Machine Learning Technologies for Autonomous Space Applications Workshop Summary

The ICML-2003 workshop on machine learning technologies for autonomous space applications, held on Aug 21 2003, brought together researchers from machine learning, space science, and mission development for a day of rich presentations, discussion, and brainstorming on the role of machine learning in autonomous space exploration.

Workshop Goals and What We Expected

When the organizers conceived of this workshop, we expected (and hoped for) a variety of ideas, issues, and a diverse set of attendees. In general, it seems that our hopes were fulfilled, but they day also held some surprises.

The organizing committee's initial thoughts concerned the technical and social issues that need to be solved to make machine learning (ML) a fieldable technology for autonomous space applications. On the technical side, we envisioned the types of autonomy challenges that arise for different mission profiles -- planetary orbiters, deep space probes, rovers, in-atmosphere flying/gliding/balloning explorers, etc. Some of these require very little autonomy for long periods, followed by short periods of quick decision-making, while others operate continuously in a complex and uncertain environment. We recognized that bandwidth and latency are key problems, leading us to identify robust and efficient communication as the "killer application" for ML in spacecraft. As missions get more complex, more instrumented, longer duration, and further from Earth, our relative degree of direct control and return of data will diminish. We also identified verification/validation of ML algorithms as a key area for performance and acceptance. Finally, we were interested in the gaps between the current theory/practice of ML and the kinds of high-reliability requirements that are necessary for space technologies. We hoped for input from other communities where high-reliability is essential.

From the social perspective, we realized that often overcoming skepticism is one of the largest barriers to fielding a new technology, especially in a high cost-of-failure situation like space exploration. We were interested in issues of how to gain acceptance for ML technologies in space missions, including methods for verification/validation, levels of assurance, and, perhaps most importantly, ideas for bridging communities and feedback on the key concerns of mission planners.
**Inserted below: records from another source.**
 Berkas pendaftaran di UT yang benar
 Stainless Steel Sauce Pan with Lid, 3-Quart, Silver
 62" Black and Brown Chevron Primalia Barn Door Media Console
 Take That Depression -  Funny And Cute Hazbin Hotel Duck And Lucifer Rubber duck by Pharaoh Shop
Finally, our greatest hope was for an involved and highly participatory workshop with plenty of discussion and good feedback.

Lessons Learned: Consensus and Surprises

Many of our expectations were amply fulfilled on the day of the workshop itself. The workshop had a diverse group of attendees who brought excellent ideas and discussions to the workshop. The brainstorming activity on ML technologies for the Mars rover seemed to generate excitement and produced a number of good insights. Workshop attendees contributed great background information on current technology and its capabilities and weaknesses (much of which is discussed in the contributed papers, also available on this web site).
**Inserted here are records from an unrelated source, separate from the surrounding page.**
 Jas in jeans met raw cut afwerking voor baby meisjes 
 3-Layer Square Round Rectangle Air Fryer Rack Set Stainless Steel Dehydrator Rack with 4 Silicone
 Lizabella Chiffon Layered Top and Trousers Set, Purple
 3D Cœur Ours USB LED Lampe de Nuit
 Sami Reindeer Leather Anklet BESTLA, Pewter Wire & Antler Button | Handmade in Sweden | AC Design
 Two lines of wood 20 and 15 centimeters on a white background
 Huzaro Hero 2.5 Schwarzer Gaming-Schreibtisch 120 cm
Far more important than the fulfilled expectations, though, were the insights and revelations that the organizers had not expected. In particular:

• In spite of the diversity of mission profiles, they largely have the same concerns: science return, spacecraft safety, efficient use of bandwidth, and resource constraints.
• Resource constraints, in fact, were a leading issue throughout the day. Not only the bandwidth/latency constraints that we had foreseen, but also severe limitations on power consumption, processing cycles, movement, and sensory system bandwidth.
• Risk aversion. While bandwidth/latency may be the killer application for ML, risk is the killer barrier. Not only are mission engineers unwilling to risk a hundred-million-dollar-plus spacecraft to an adaptive control mechanism, but mission scientists are even more unwilling to risk photo imagery and sensor data to an on-board decision process. When you're limited to less than 10 megapixels of data transmission per day, you become very concerned about losing even a fraction of that! Given that the primary purpose of virtually all interplanetary and deep-space missions is science return, it is not surprising that the data transmission needs are foremost.

  It was repeatedly emphasized that overcoming this risk aversion comes down to establishing dialog between the ML designers and the mission planners/scientists and that, above all, the ML designers must meet the mission scientists' needs and not vice versa. It is not adequate to present the kinds of results that are traditionally taken as proof in ML -- theoretical bounds on convergence coupled with empirical learning curves on (often synthetic) data. ML will have to prove itself under much more stringent conditions.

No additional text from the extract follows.